* **Aim of the task**
Drop every picture, then repeat the records exactly.

* **Data for analysis**
+ + + +

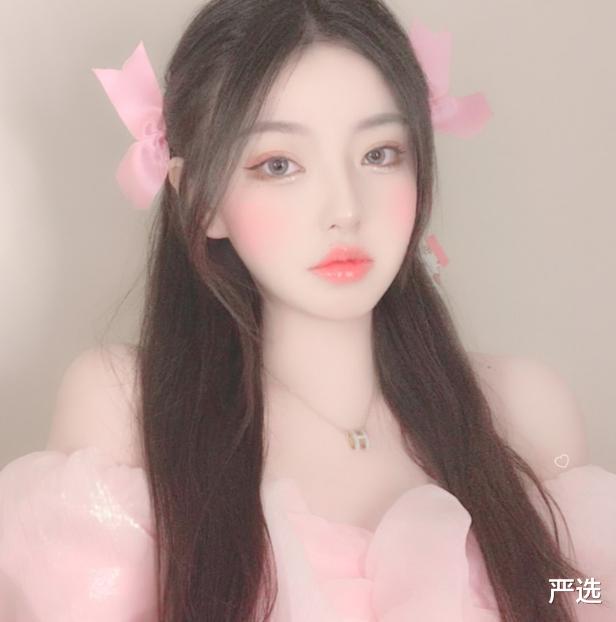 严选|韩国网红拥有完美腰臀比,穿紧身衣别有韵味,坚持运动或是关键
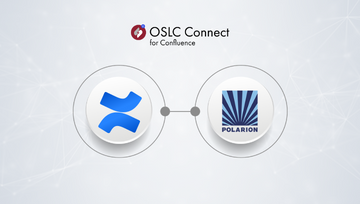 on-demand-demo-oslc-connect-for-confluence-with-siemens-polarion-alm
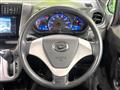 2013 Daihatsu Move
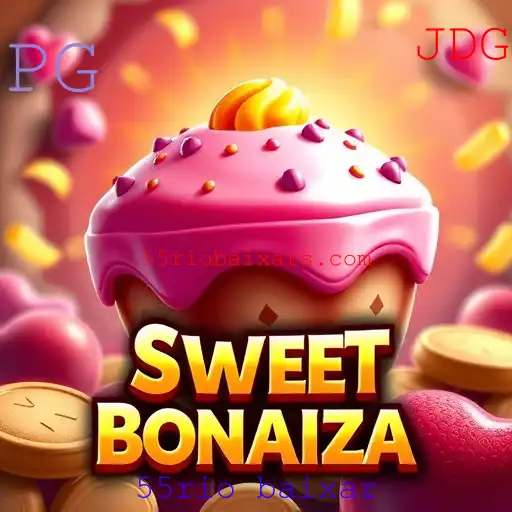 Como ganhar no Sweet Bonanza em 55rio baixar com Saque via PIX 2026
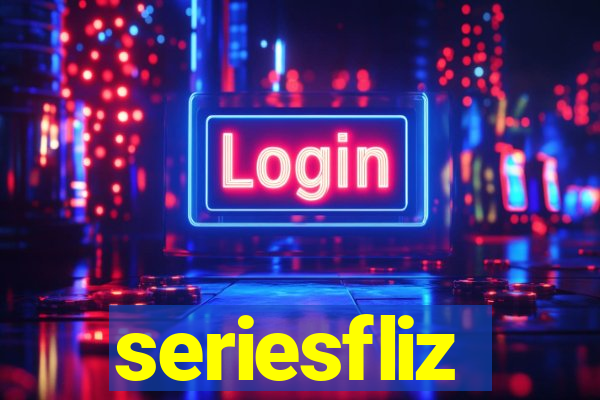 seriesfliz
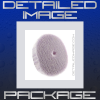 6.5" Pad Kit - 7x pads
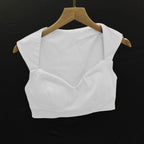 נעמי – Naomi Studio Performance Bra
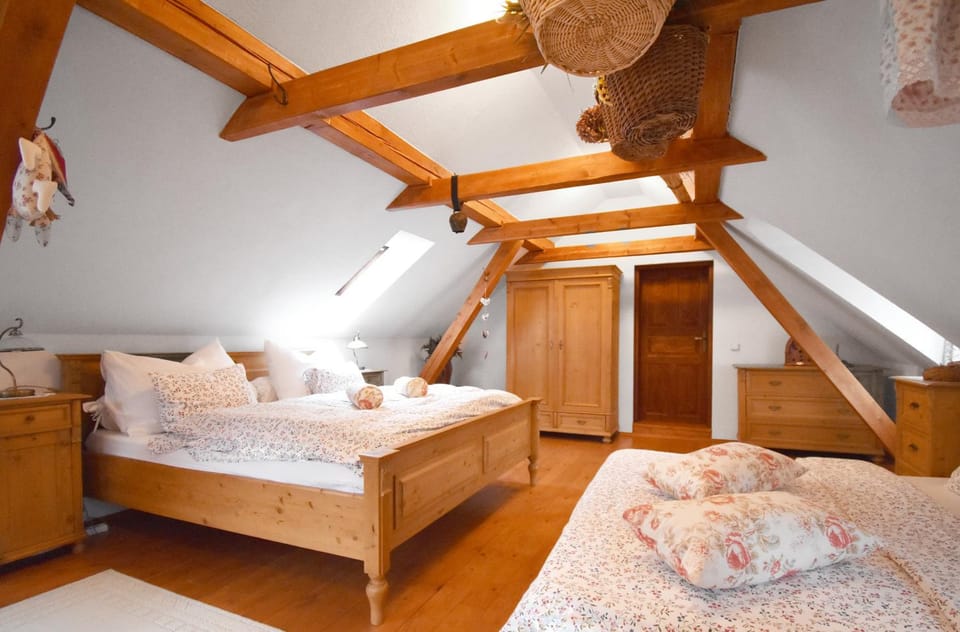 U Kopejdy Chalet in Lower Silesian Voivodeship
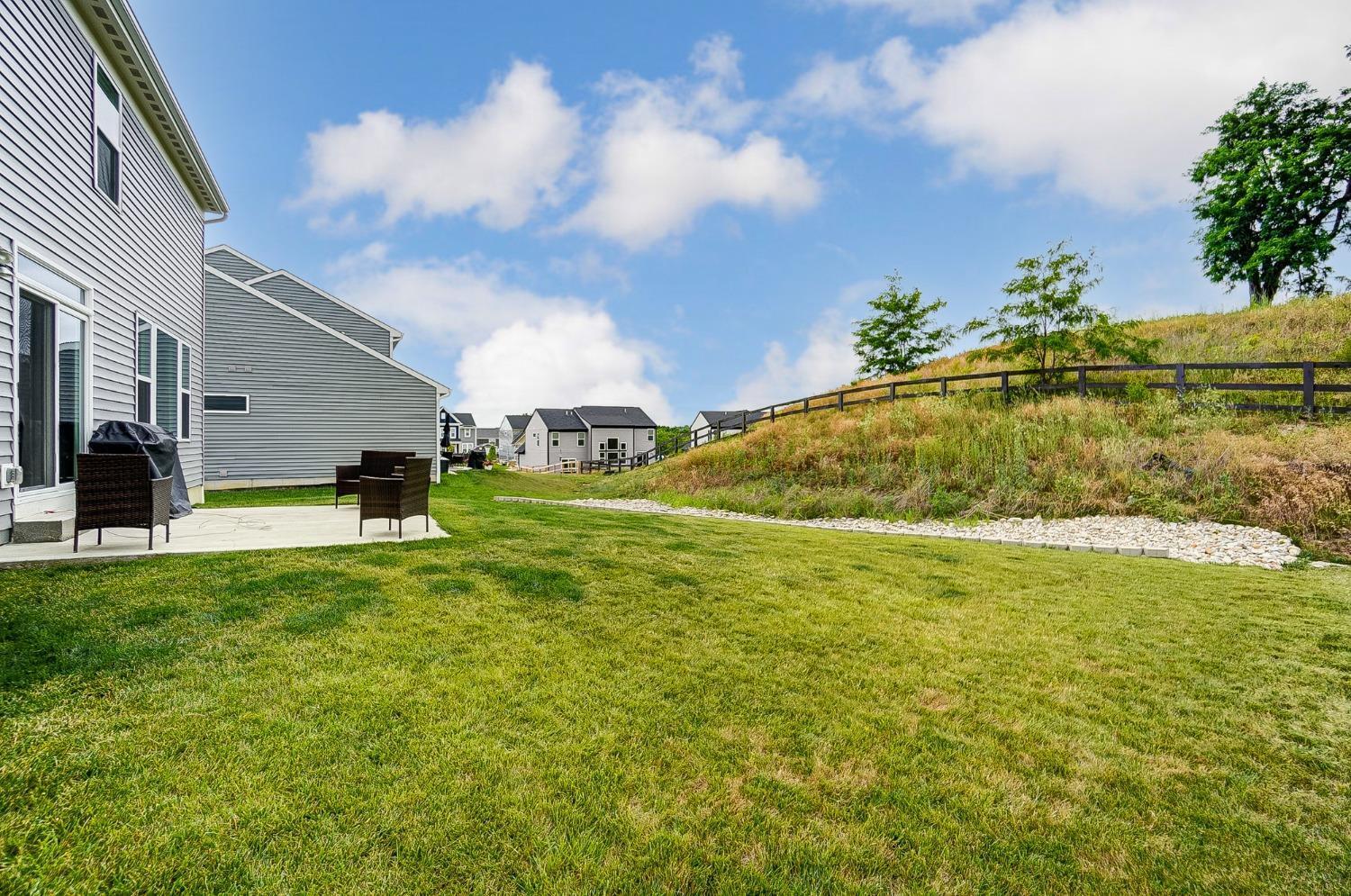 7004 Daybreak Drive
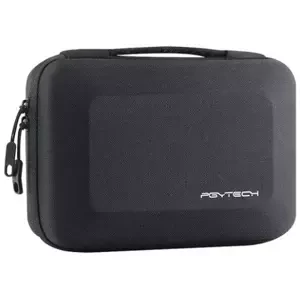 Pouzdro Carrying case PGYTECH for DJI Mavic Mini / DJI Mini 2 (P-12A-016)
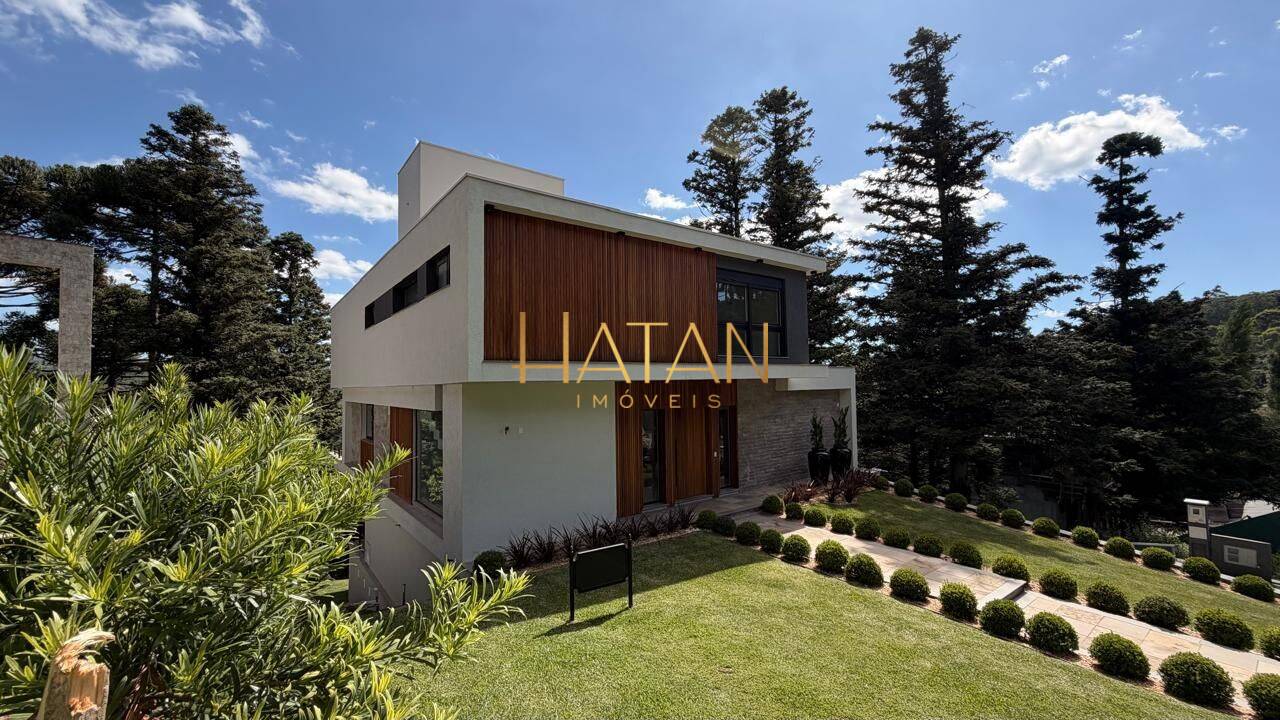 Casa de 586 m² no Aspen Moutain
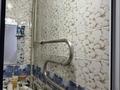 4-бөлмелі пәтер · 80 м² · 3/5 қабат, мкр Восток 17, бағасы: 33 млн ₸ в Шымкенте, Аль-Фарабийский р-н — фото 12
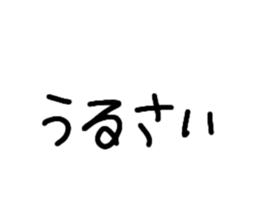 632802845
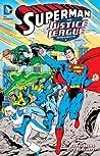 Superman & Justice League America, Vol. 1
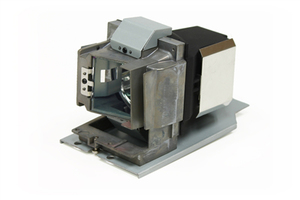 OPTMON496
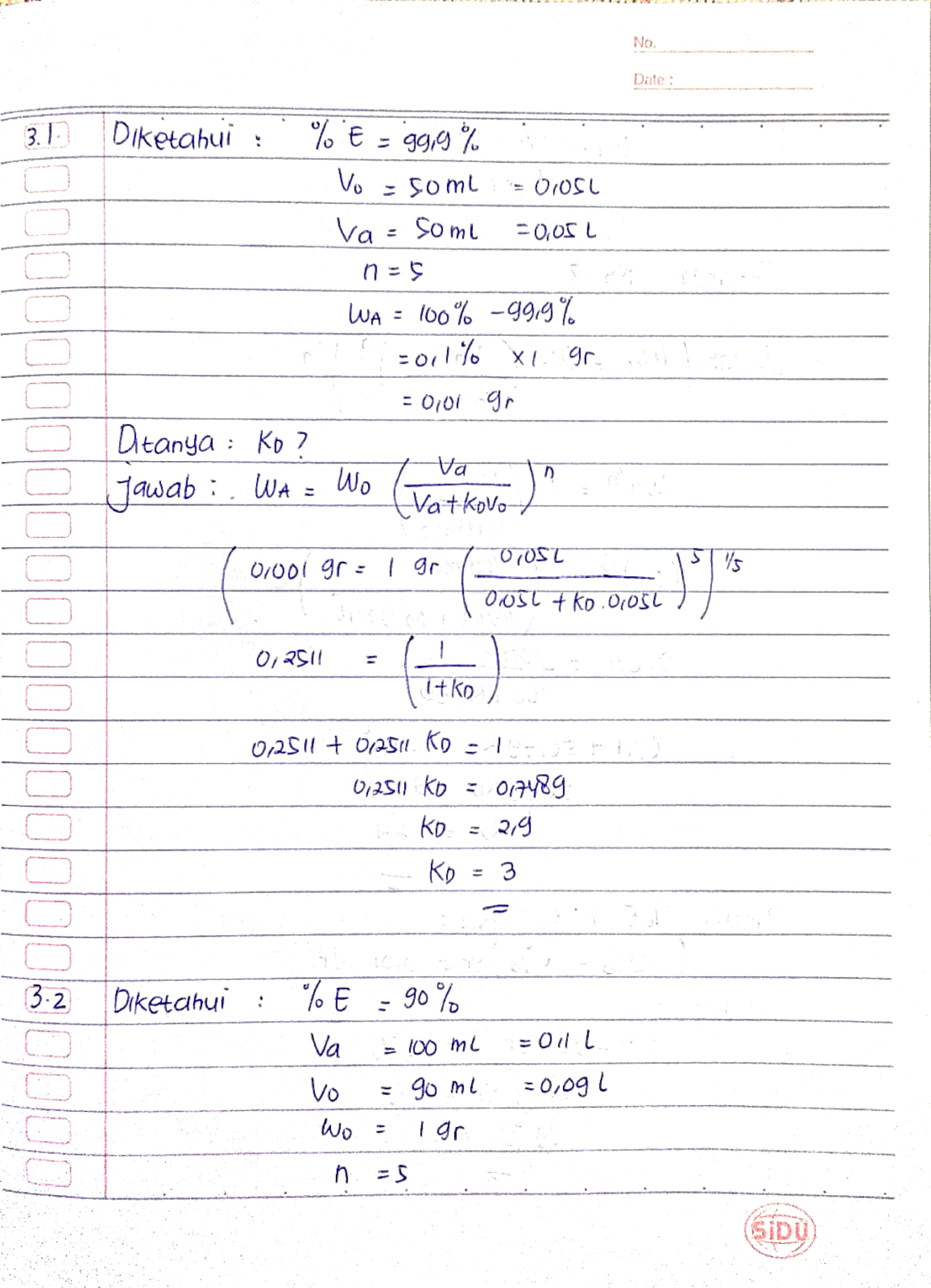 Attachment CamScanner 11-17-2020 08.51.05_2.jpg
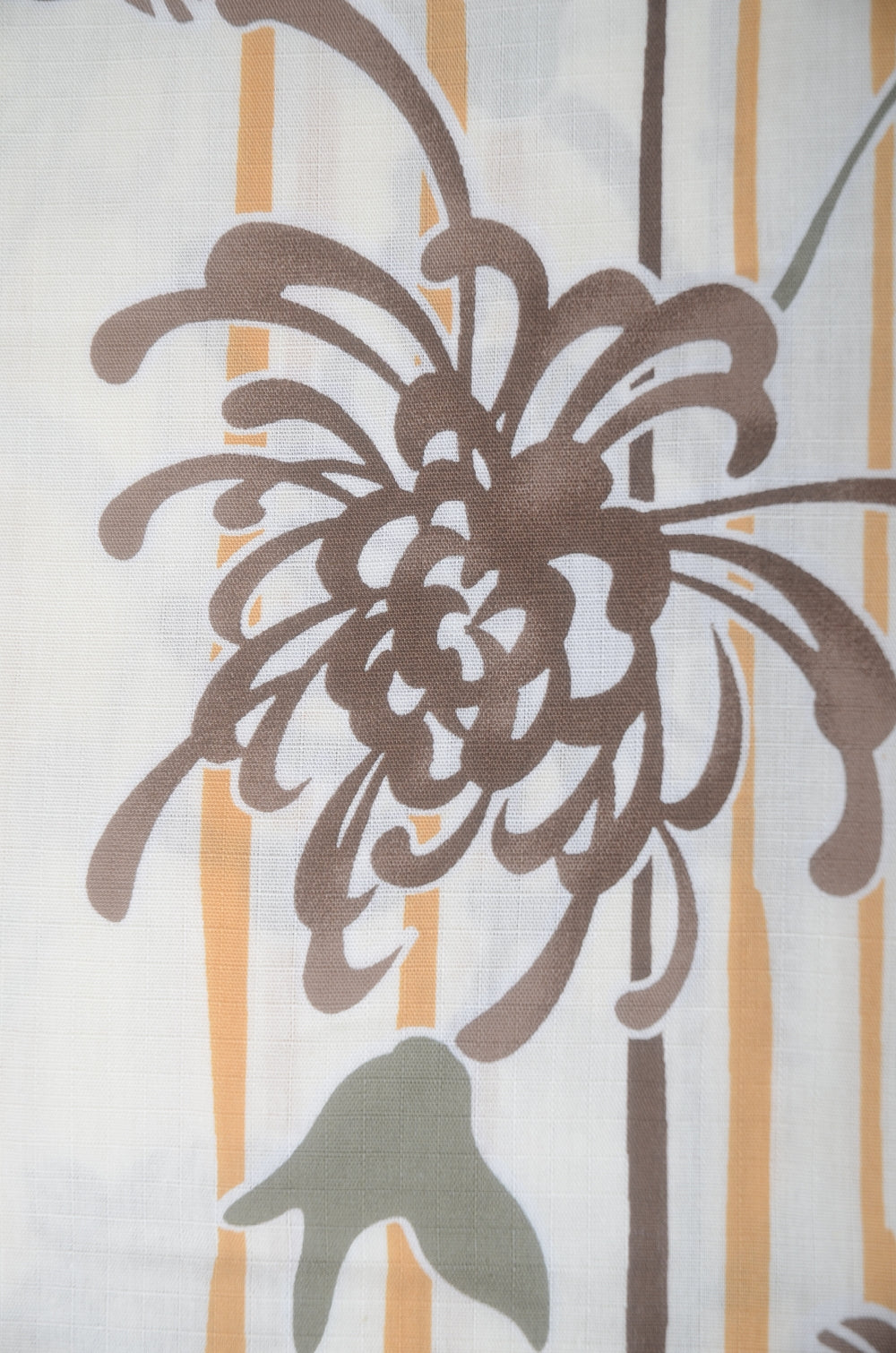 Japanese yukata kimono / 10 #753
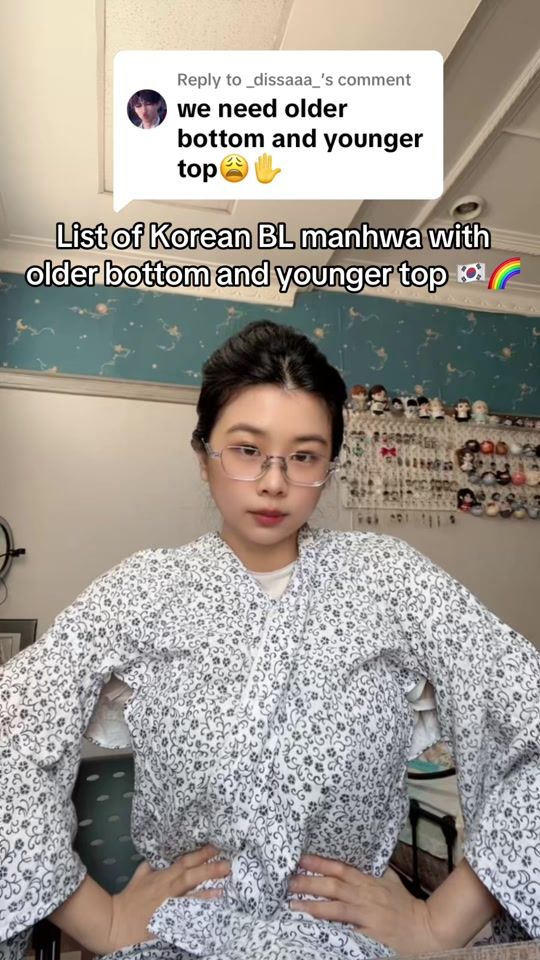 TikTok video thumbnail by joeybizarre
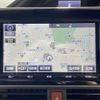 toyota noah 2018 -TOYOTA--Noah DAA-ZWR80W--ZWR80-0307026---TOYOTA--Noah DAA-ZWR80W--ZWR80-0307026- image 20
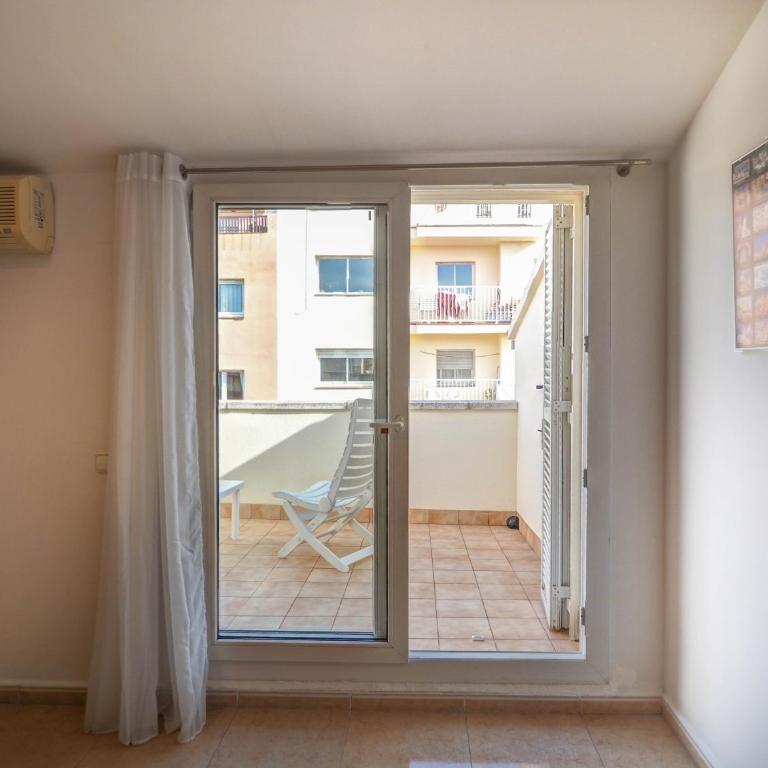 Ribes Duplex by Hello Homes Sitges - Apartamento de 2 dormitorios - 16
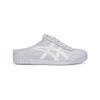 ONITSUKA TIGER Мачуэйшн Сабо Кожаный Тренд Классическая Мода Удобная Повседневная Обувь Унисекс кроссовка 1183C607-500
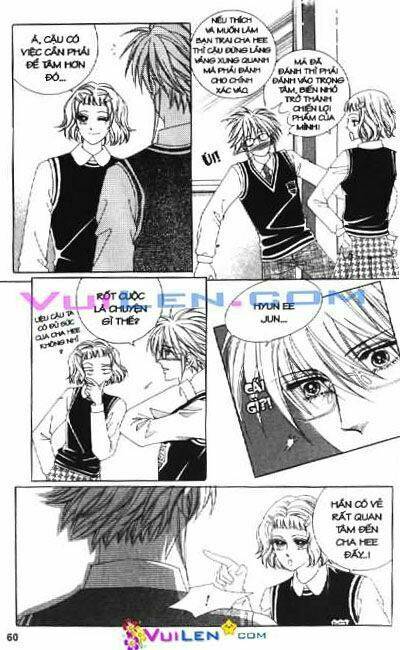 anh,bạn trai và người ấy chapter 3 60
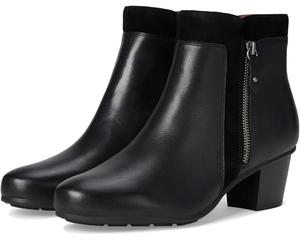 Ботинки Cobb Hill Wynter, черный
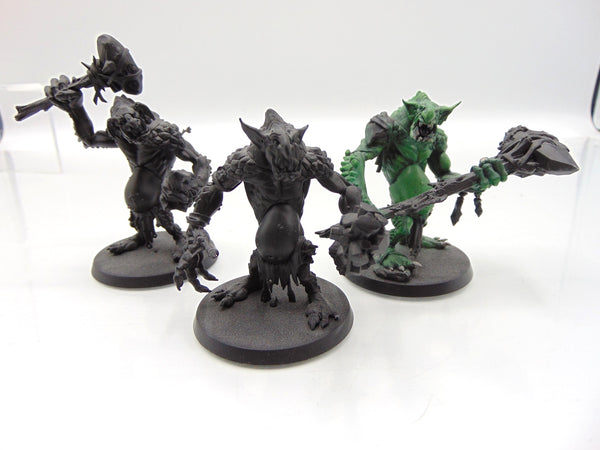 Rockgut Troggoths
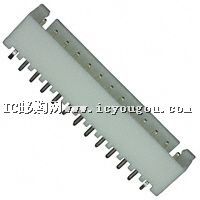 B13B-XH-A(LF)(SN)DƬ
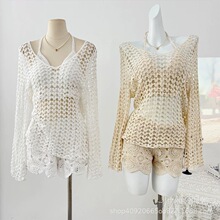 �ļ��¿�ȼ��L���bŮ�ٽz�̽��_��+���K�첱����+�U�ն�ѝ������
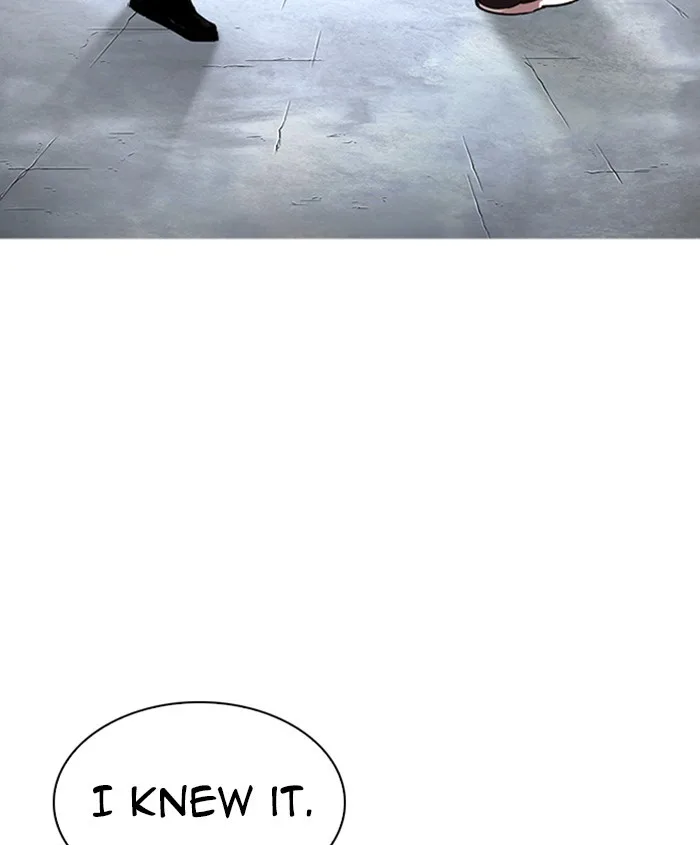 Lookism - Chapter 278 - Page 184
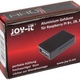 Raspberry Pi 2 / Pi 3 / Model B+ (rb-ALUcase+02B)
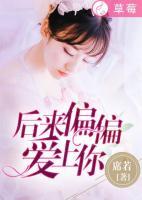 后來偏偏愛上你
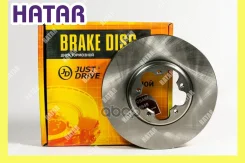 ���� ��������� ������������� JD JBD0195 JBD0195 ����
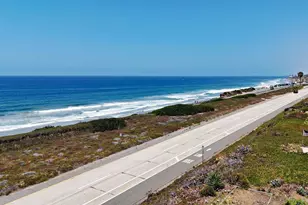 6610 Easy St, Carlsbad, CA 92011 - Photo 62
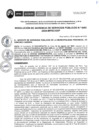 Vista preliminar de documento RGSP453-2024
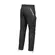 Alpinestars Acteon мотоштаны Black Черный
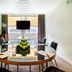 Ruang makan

+ + + +

* **Result below**
 严选|韩国网红拥有完美腰臀比,穿紧身衣别有韵味,坚持运动或是关键
 on-demand-demo-oslc-connect-for-confluence-with-siemens-polarion-alm
 2013 Daihatsu Move
 Como ganhar no Sweet Bonanza em 55rio baixar com Saque via PIX 2026
 seriesfliz
 6.5" Pad Kit - 7x pads
 נעמי – Naomi Studio Performance Bra
 U Kopejdy Chalet in Lower Silesian Voivodeship
 7004 Daybreak Drive
 Pouzdro Carrying case PGYTECH for DJI Mavic Mini / DJI Mini 2 (P-12A-016)
 Casa de 586 m² no Aspen Moutain
 4-бөлмелі пәтер · 80 м² · 3/5 қабат, мкр Восток 17, бағасы: 33 млн ₸ в Шымкенте, Аль-Фарабийский р-н — фото 12
 632802845
 Superman & Justice League America, Vol. 1
 OPTMON496
 Attachment CamScanner 11-17-2020 08.51.05_2.jpg
 Japanese yukata kimono / 10 #753
 TikTok video thumbnail by joeybizarre
 toyota noah 2018 -TOYOTA--Noah DAA-ZWR80W--ZWR80-0307026---TOYOTA--Noah DAA-ZWR80W--ZWR80-0307026- image 20
 Ribes Duplex by Hello Homes Sitges - Apartamento de 2 dormitorios - 16
 ONITSUKA TIGER Мачуэйшн Сабо Кожаный Тренд Классическая Мода Удобная Повседневная Обувь Унисекс кроссовка 1183C607-500
 anh,bạn trai và người ấy chapter 3 60
 Ботинки Cobb Hill Wynter, черный
 Rockgut Troggoths
 B13B-XH-A(LF)(SN)DƬ
 �ļ��¿�ȼ��L���bŮ�ٽz�̽��_��+���K�첱����+�U�ն�ѝ������
 Lookism - Chapter 278 - Page 184
 Raspberry Pi 2 / Pi 3 / Model B+ (rb-ALUcase+02B)
 后來偏偏愛上你
 ���� ��������� ������������� JD JBD0195 JBD0195 ����
 6610 Easy St, Carlsbad, CA 92011 - Photo 62
 Vista preliminar de documento RGSP453-2024
 Alpinestars Acteon мотоштаны Black Черный
 Ruang makan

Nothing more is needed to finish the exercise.